**Source material**
· · ·
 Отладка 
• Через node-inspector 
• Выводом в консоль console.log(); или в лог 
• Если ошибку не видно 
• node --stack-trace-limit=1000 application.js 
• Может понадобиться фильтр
· · ·
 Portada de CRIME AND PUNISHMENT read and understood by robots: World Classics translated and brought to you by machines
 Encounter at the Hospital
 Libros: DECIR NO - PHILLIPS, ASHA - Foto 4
· · ·
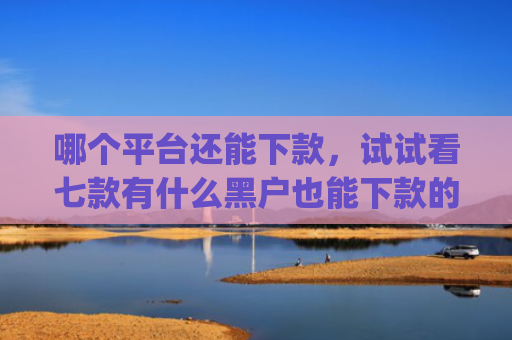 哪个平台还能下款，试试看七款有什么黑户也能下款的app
· · ·
A word-for-word copy of the lines above from the one with "Portada de CRIME" through the one with "Libros: DECIR NO - PHILLIPS, ASHA - Foto 4", inclusive, is the only output wanted.

**Output for this task**
 Portada de CRIME AND PUNISHMENT read and understood by robots: World Classics translated and brought to you by machines
 Encounter at the Hospital
 Libros: DECIR NO - PHILLIPS, ASHA - Foto 4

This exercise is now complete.